§ **Dataset content**
· · · ·
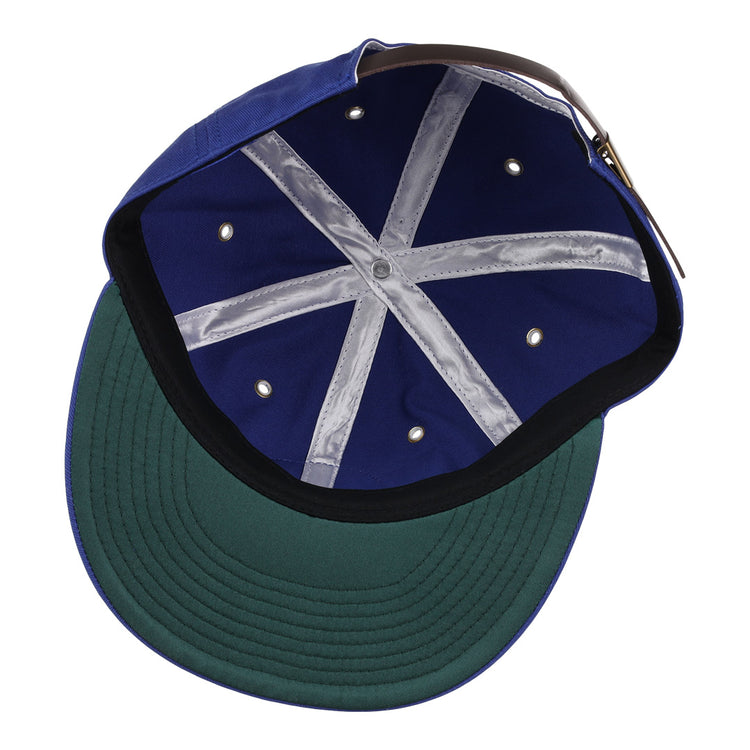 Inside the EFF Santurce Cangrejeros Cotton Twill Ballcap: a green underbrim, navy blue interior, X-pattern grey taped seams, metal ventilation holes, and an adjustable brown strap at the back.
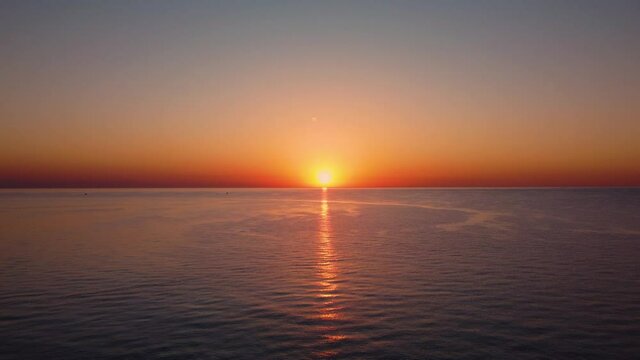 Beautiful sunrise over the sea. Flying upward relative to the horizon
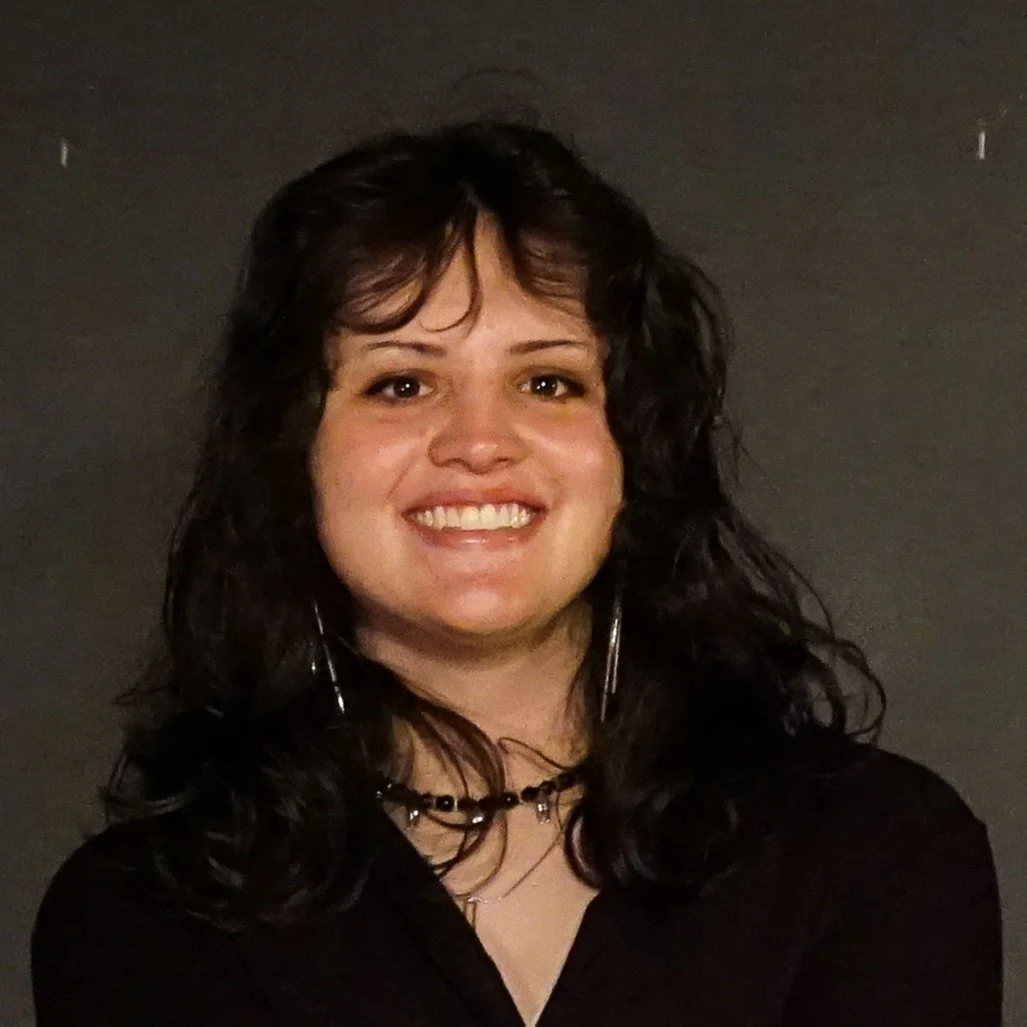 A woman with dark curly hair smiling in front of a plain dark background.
· · · ·
Could you print the data exactly as it appears and keep the pictures out?

§ **Exercise answer**
 Inside the EFF Santurce Cangrejeros Cotton Twill Ballcap: a green underbrim, navy blue interior, X-pattern grey taped seams, metal ventilation holes, and an adjustable brown strap at the back.
 Beautiful sunrise over the sea. Flying upward relative to the horizon
 A woman with dark curly hair smiling in front of a plain dark background.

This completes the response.